Content starts

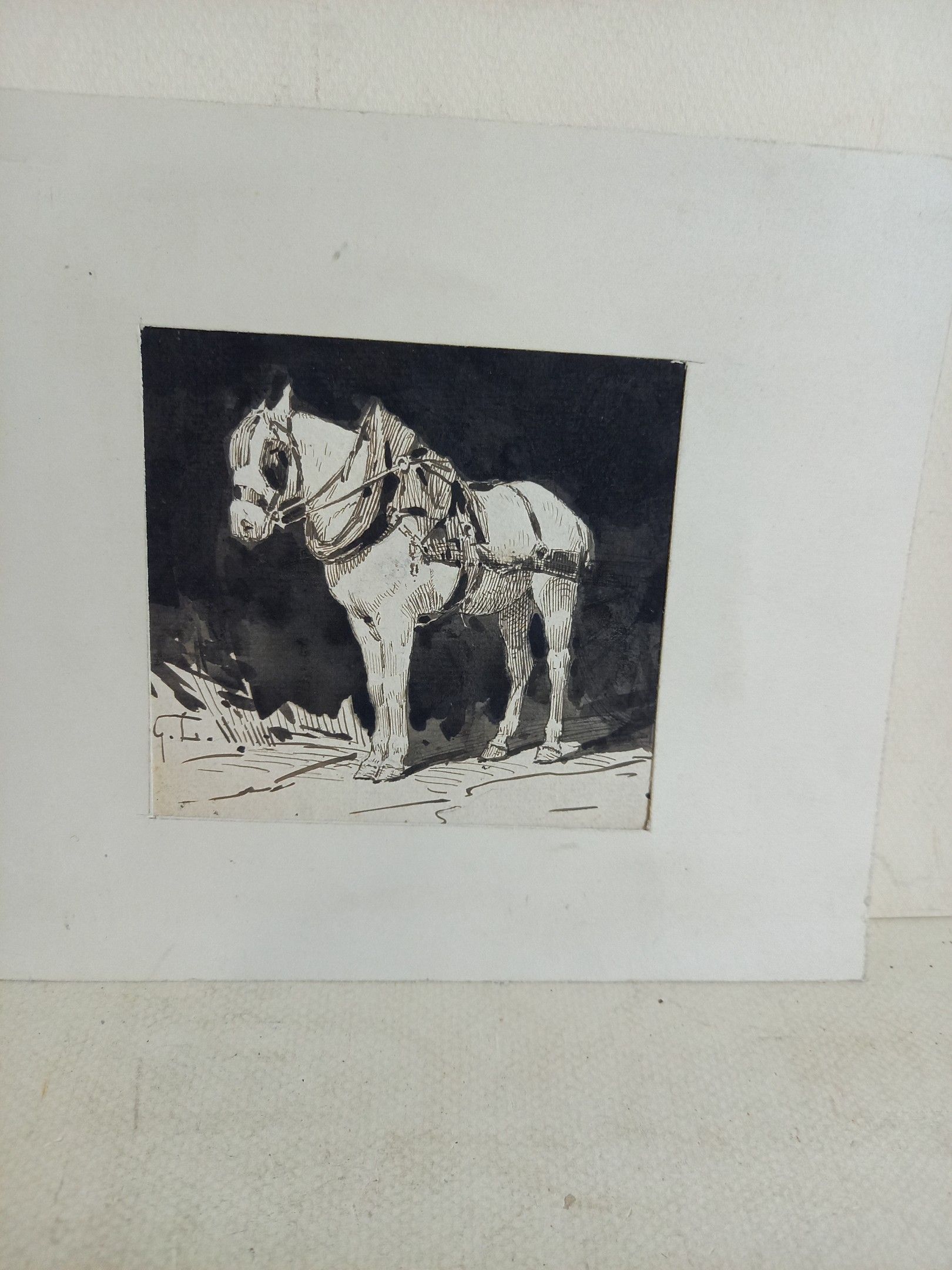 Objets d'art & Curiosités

Content ends
Content starts

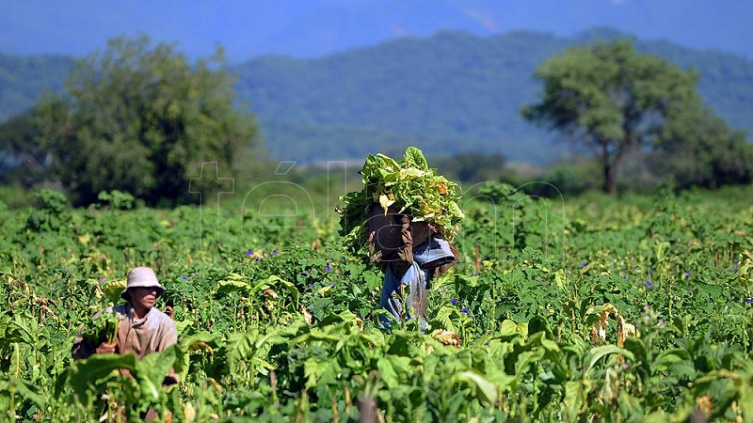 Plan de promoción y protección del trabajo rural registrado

Content ends
Content starts

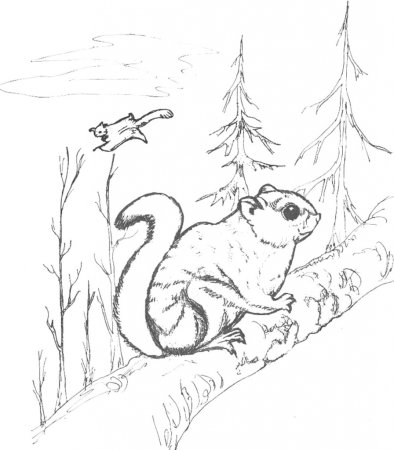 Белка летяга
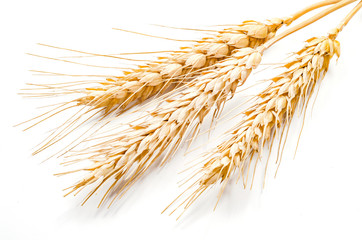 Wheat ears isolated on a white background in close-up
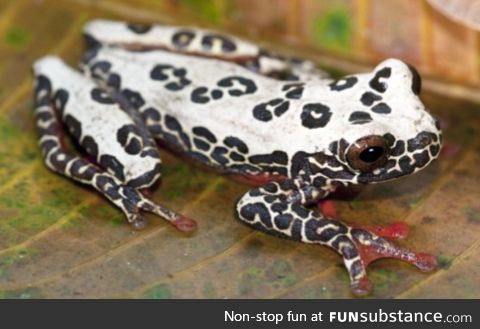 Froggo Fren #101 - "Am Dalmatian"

Content ends

* Exercise details
Take the material above and output only the lines from the one that contains "Wheat ears isolated" through the one that contains "Froggo Fren #101", ends included and images left out.

* Solution for this exercise
 Wheat ears isolated on a white background in close-up
 Froggo Fren #101 - "Am Dalmatian"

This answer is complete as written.